The new site is still a work-in-progress.  But it’s coming, I promise.

But in the meantime, you know what’s fun?  Besides walking 100 yds. out onto a bridge just to get a crappy photo?

Taking some food that might – in its purest form – have some type of health value, and then adding enough other crap to basically negate that as much as possible.

Rice and veggies, meet oil and sausage.  And a bit of mayo.  But it’s SO worth it.  Trust me – you’ll see.

This is kind of my “fall-back” dinner – the thing I make when I have no idea what else to make.  So we basically have it like once every other week.  I enjoy cooking, but I’m not exactly creative.  The ingredients are easy, the process is easy (plenty of chopping, which I find therapeutic – is that weird?), and this makes enough to keep us rich in work lunches for at least 4 days.

And because it’s loaded with vegetables and grains, I can do my girl-thing and justify my wittle brain into thinking it’s healthy.  And then I add mayo.

So here is where I found the original recipe.  I didn’t change anything this time, but you could get creative – add teriyaki if you don’t like soy sauce, change up the veggies, etc.

Here’s what you’ll need:

  • 1 pound ground sausage (I use Jimmy Dean’s Hot sausage.  He’s yummy.)
  • 5 eggs, beaten (Get the free range “happy chicken eggs”.  That’s what I call ’em.  You’ll feel better about yourself as a person.)
  • 3 tablespoons vegetable oil  (I suppose you could sub a “healthier” oil.  But I’ve always made it with the veggie oil, and I’m afraid to change because I know I like it this way.  Plus, it’s VEGGIE oil – can’t be that bad, right?  RIGHT?!)
  • 1/2 head cabbage, cored and shredded  (Screw the shredding – I just chop it up with a big fat knife)
  • 3 carrots, chopped
  • 6 cups cooked white rice, cold*
  • 1/4 cup soy sauce, or to taste
  • 1 (14.5 ounce) can bean sprouts, drained (I actually use fresh sprouts – about half the weight in ounces does the trick)
  • 1 (6 ounce) package frozen green peas, thawed (These really don’t even need to be thawed)
  • ground black pepper to taste
  • 3 green onions, chopped

*The reason the recipe says the rice should be cold is because day-old rice tends to be less sticky than freshly-cooked rice.  The problem?  I NEVER think that far ahead.  I don’t know I’m making this until I’m making it.  The solution?  Stick your cooked rice in the freezer for about an hour or so (while you prep your other ingredients, run to the store for the ingredients you forgot, paint your toenails, etc.) and I don’t usually have a problem.  You  might want to stir halfway through to make sure it doesn’t freeze together in clumps.

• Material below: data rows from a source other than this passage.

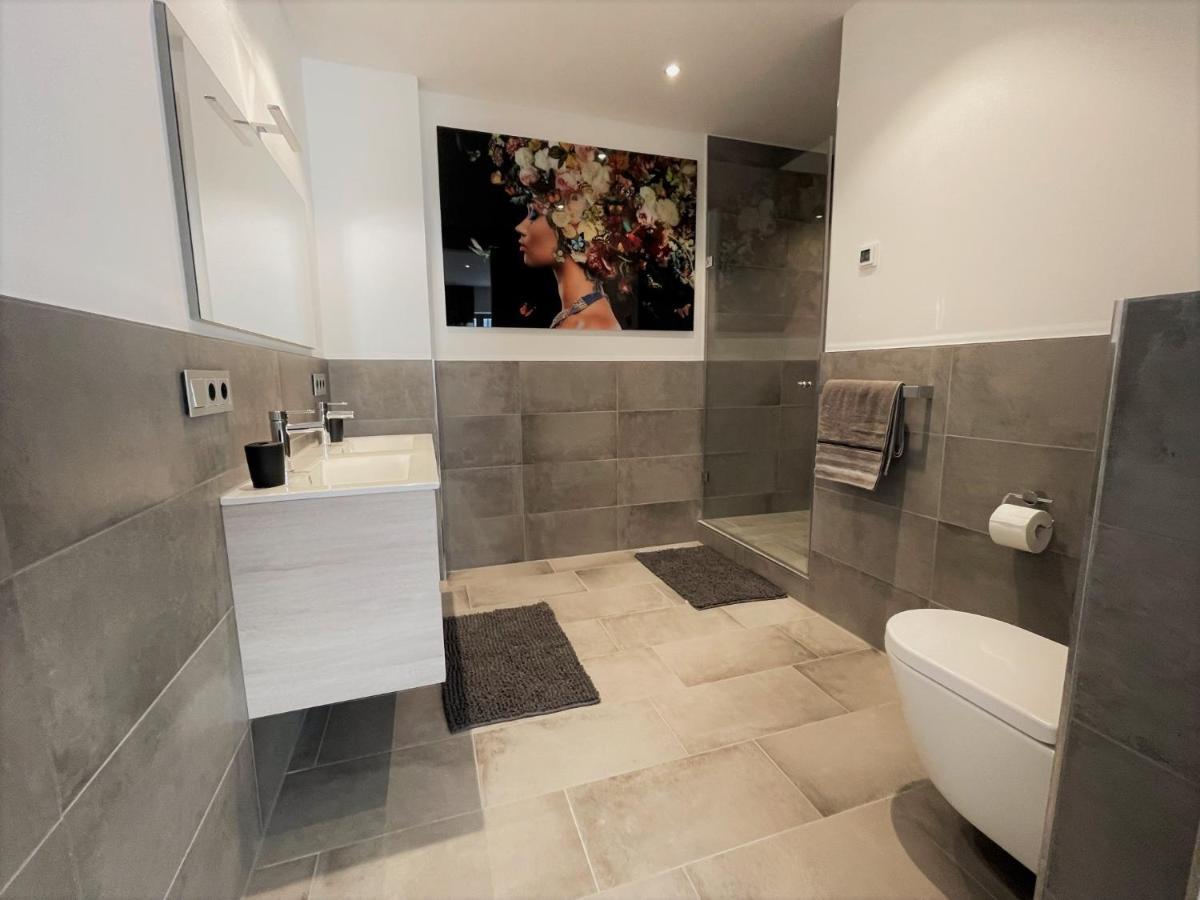 Lichtdurchflutetes Design - Appartement Guetersloh - 90 Qm Eksteriør bilde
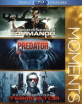 Commando + Predator + Terminator (Arnold Schwarzenegger Triple Feature) (Region A - US Import ohne dt. Ton) Blu-ray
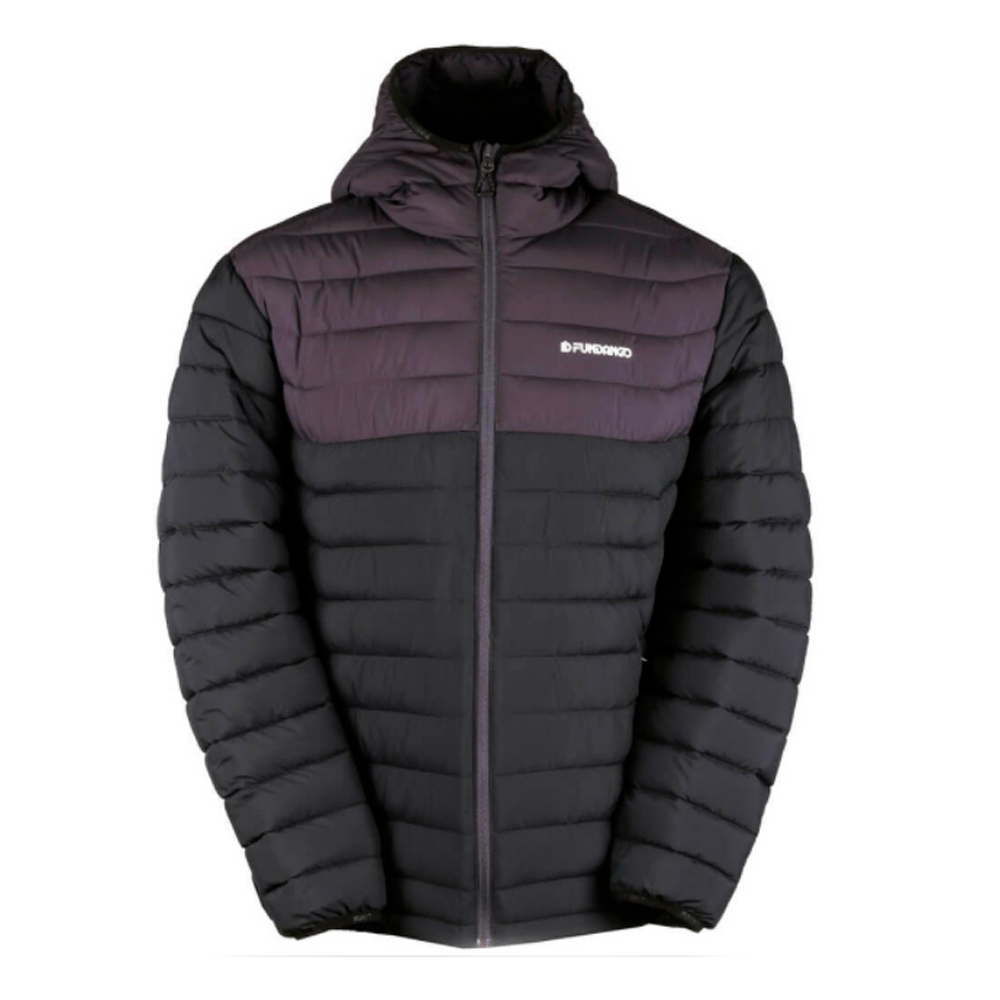 Куртка мужская Fundango Jacket Hollow S Черный photo 1 Куртка мужская Fundango Jacket Hollow S Черный photo 1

1.  Cook your rice according to the package directions.  I use a rice cooker to justify its existence.  I simply add 2 cups of uncooked rice, 4 cups of water, hit the “cook” switch, and end up with 6 whopping cups of cooked rice.  This is a LOT of rice, friends.  Consider yourselves warned.

2.  Get your sausage cooking over medium-high heat.  You don’t need any oil yet – this is greasy enough.

3.  While your sausage is cooking, chop up your carrots, cabbage and green onions.

4.  Meanwhile, your sausage should start to look like this:

Once it’s cooked, set it aside on a plate covered with a paper towel to soak up some of the grease.  Don’t forget to feed a couple pieces to your pups.  They deserve it.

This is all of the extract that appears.